Problem to solve:
Write each line below back out exactly, omitting its pictures.

── Dataset extract ──

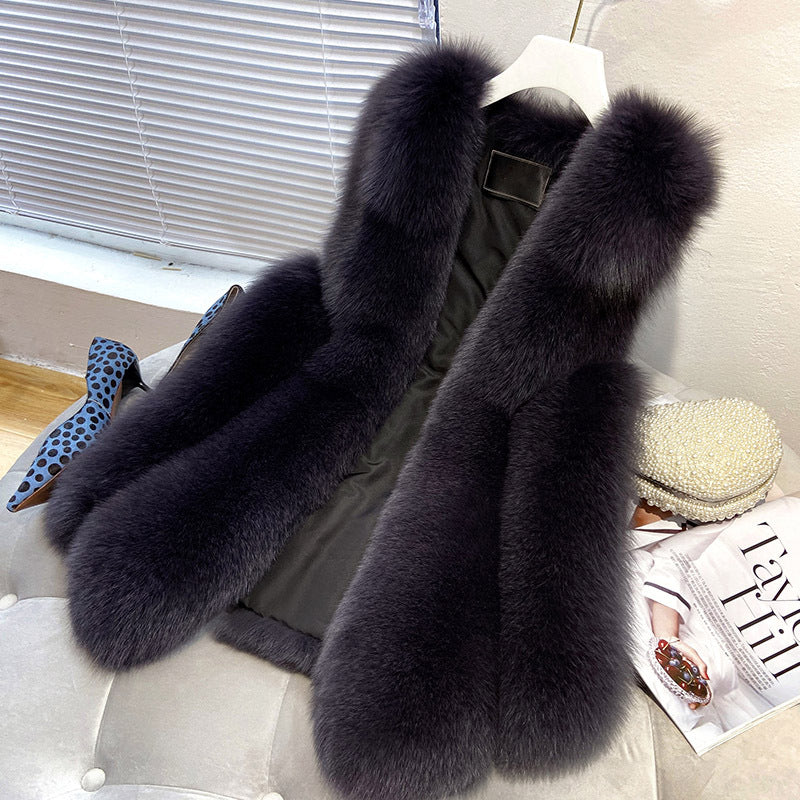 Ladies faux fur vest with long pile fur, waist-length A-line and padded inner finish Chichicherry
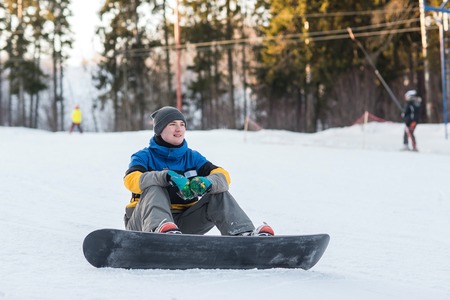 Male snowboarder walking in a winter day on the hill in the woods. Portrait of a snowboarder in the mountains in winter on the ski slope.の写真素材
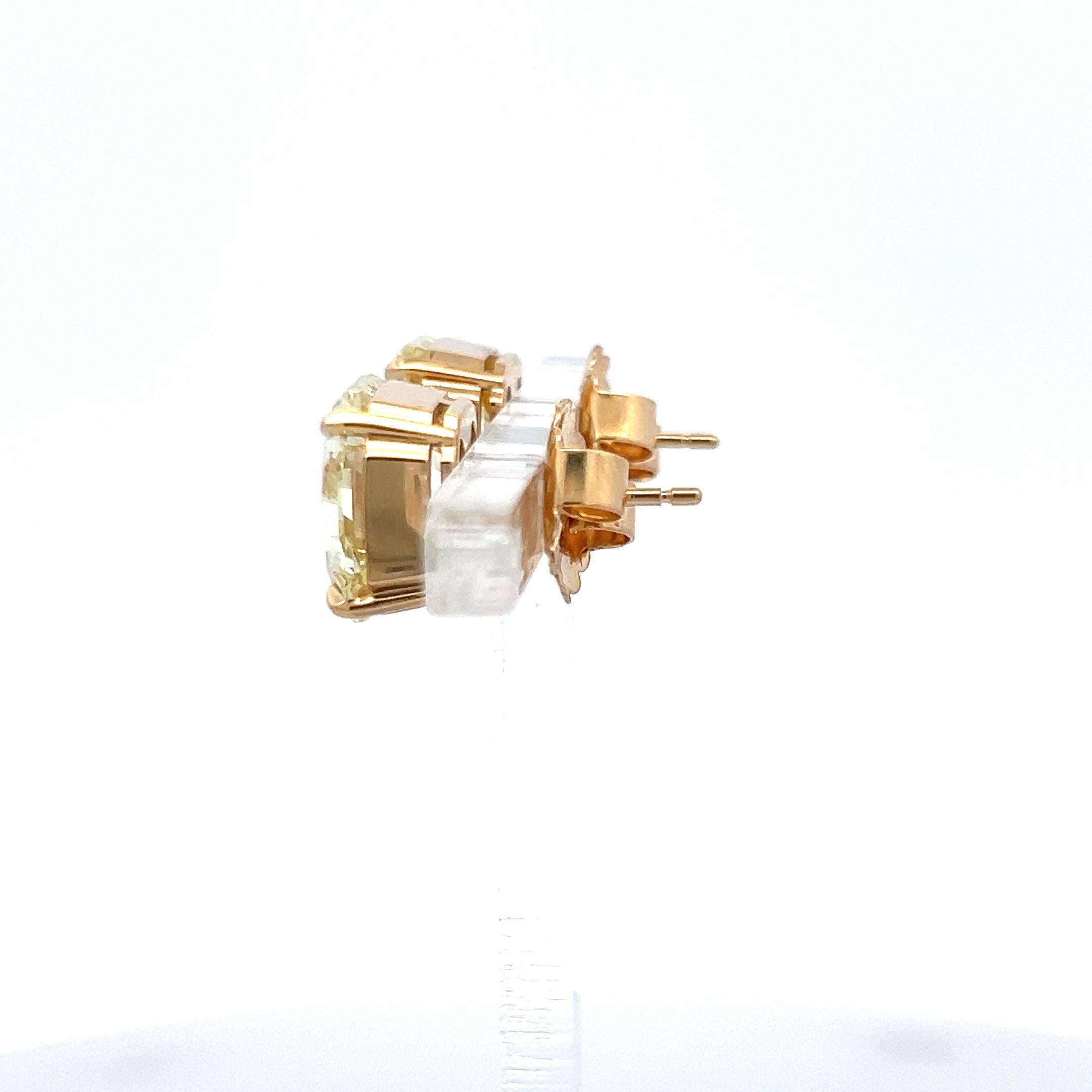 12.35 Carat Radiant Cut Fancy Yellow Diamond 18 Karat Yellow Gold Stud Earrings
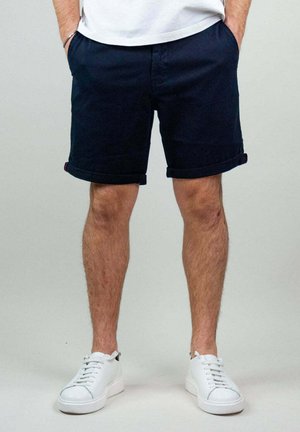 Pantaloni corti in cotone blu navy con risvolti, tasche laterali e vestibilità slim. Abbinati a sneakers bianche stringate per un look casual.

───

The answer:
 Ladies faux fur vest with long pile fur, waist-length A-line and padded inner finish Chichicherry
 Male snowboarder walking in a winter day on the hill in the woods. Portrait of a snowboarder in the mountains in winter on the ski slope.の写真素材
 12.35 Carat Radiant Cut Fancy Yellow Diamond 18 Karat Yellow Gold Stud Earrings
 Pantaloni corti in cotone blu navy con risvolti, tasche laterali e vestibilità slim. Abbinati a sneakers bianche stringate per un look casual.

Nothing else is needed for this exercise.